1960s >> 1967 >> no-756-august-1967

More Trouble about the Means Test

A “Means Test” is defined by Chambers dictionary as test of private resources determining or limiting claim to a pension or allowance.


Such tests are centuries old. Ever since the time, four or five centuries ago, when governments and local authorities began to take over from religious bodies and private charity the obligation of supporting the destitute, there have always been tests of “Means” or “Needs*’.


It is a perennial problem of capitalism and no matter how many times the relief system has been reformed and given new names no solution has been found.

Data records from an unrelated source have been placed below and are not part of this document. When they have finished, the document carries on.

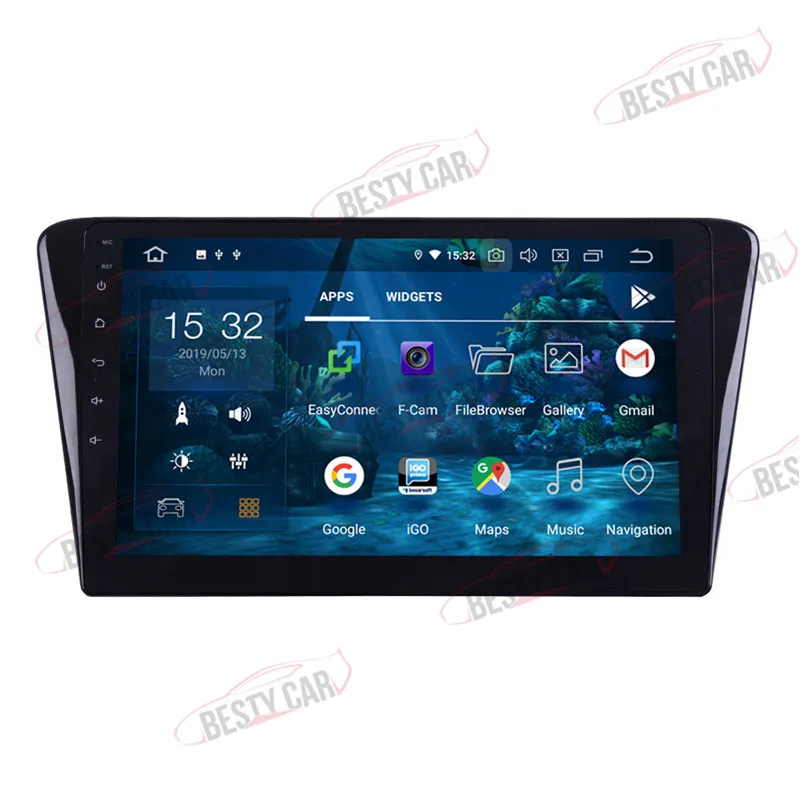 Top Bestycar 10.1" Android 9.0 Car Stereo Multimedia Player for Peugeot 408 2014-2017 GPS Navigation Radio Audio DSP 2.5D+IPS BT DVR 2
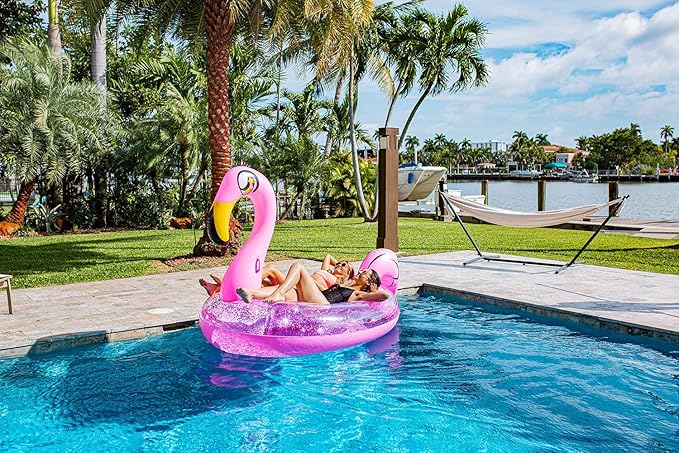 Poolcandy Gigantic Inflatable 2 to 3 Person Pool, Beach, and Lake Swim rafts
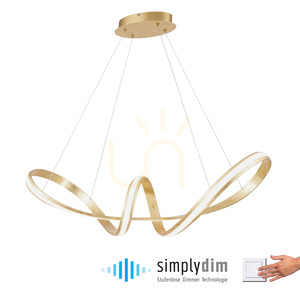 MELINDA 8292-12 LED függeszték, arany, 91 × 35 cm, 45 W, 5400 lm, 3000 K, Simply Dim small 1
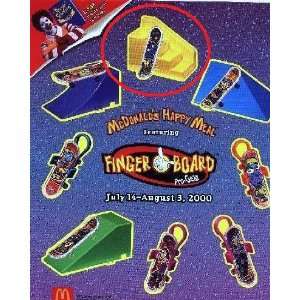   Happy Meal Finger Board Toy Skateboard w/Ramp #2 2000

Even if we leave out of account the fact that workers generally do not consider their wages sufficient to meet their own ideas of reasonable needs, and consider only the question of a bare subsistence, capitalism cannot guarantee that workers will always have it provided. Capitalism cannot guarantee continuous employment and cannot even guarantee that wages will always be sufficient to provide bate subsistence.

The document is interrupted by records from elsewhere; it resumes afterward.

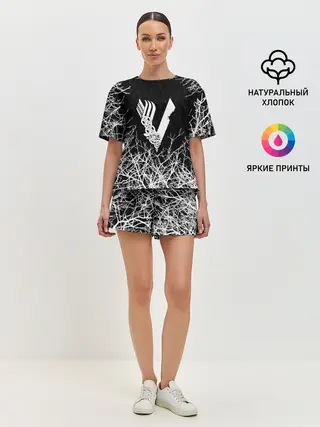 Женская пижама с шортами / ВИКИНГИ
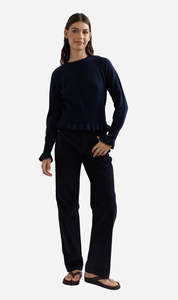 Caitlin Crisp: Caitlin Crisp | Frilly Crop Crew - Navy
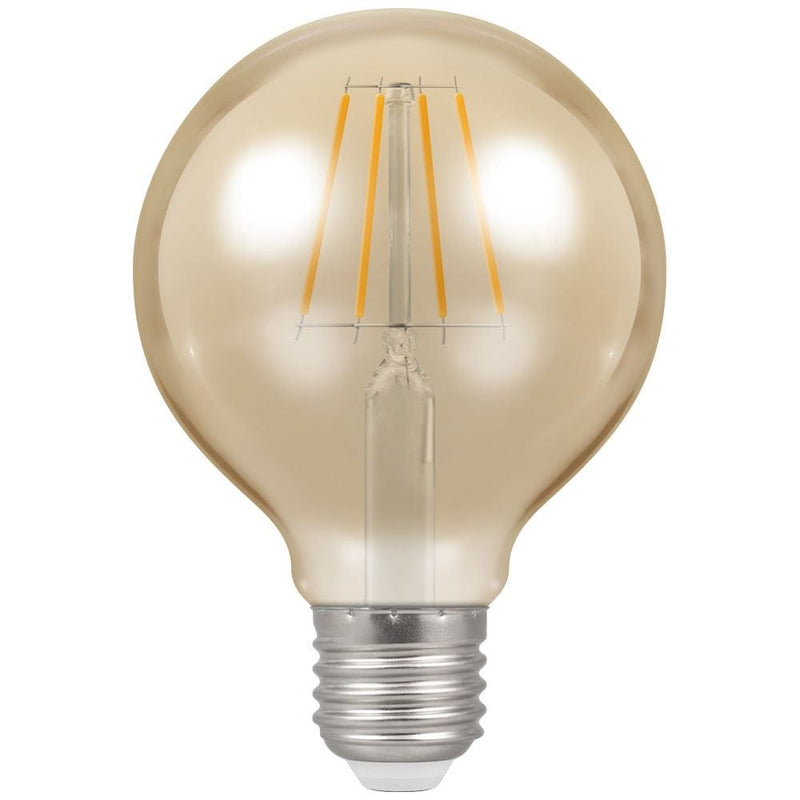 Crompton LED Globe G80 Filament Antique 5W Dimmable 2200K ES-E27 - CROM4276, Image 1 of 1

So unless the authorities were prepared to let the destitute starve (and put up with consequent unemployed riots and encouragement to theft) they have to pay out state and local government funds. But they could not let the applicants name their own figure for the money they wanted, nor could they fix their own figure and let everyone have it who applied.


If they had done this it would have acted as an inducement to workers in low paid jobs simply to give them up.


The authorities tried everything from the “whipping of beggars” in Tudor and Elizabethan times, to making them go into the hated workhouses, or work colonies, breaking up families, offering assistance in the form of food, making the unemployed prove they were genuinely seeking work, and applying means tests which subjected the applicants to official enquiry to demonstrate that they really were near destitution.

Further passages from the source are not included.